Understanding Shot Volume Factors…

I received this interesting question from a blog reader the other day…


I recently came across this term: Shot Volume Factor and the units are in^3/in (cubic inches per inch). 

I speculate that it is some kind of volume conversion number that when used will allow a user to quickly convert shot size from machine to machine. 

What is this term and how is it calculated?

My Response

As the screw travels forward, it displaced a specific amount of volume as it travels forward.

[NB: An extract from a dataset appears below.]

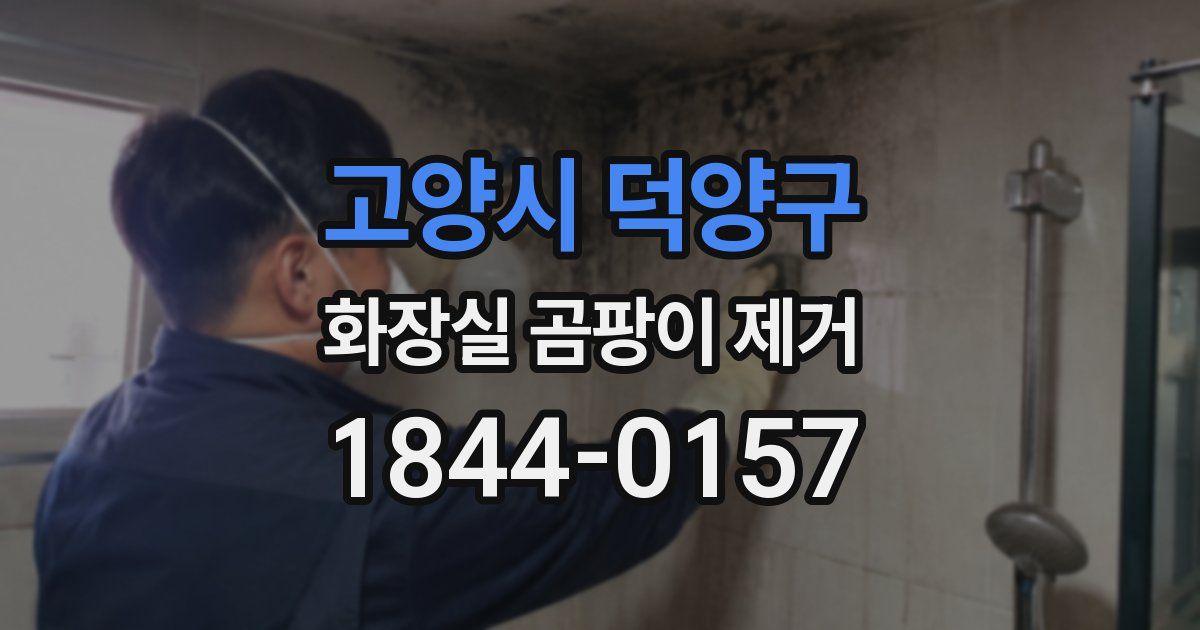 고양시 덕양구 화장실 곰팡이 제거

This factor is a machine-specific value which converts the linear displacement of the screw into the volume displaced within the barrel. 

The shot volume factor can be calculated by determining the

 surface area in front of the screw.

Just multiply pi times the radius squared: π*(r^2)

Imperial Example:
1.2 inch diameter screw

π*(r^2) = (3.14)*(0.6in)*(0.6in) = 1.1in^3/in

Metric Example:
30mm diameter screw

π*(r^2) = (3.14)*(15mm)*(15mm) = 707mm^3/mm

Additional Thoughts

Once determined, just multiply the distance the screw travels times the factor to determine the actual displacement of the screw.

Adversely, if you know the estimated shot volume, just divide the volume by the shot factor to estimate the linear displacement necessary to fill the mold.

Calculating this for each machine can be a great way to help your employees quickly identify the differences between each machine.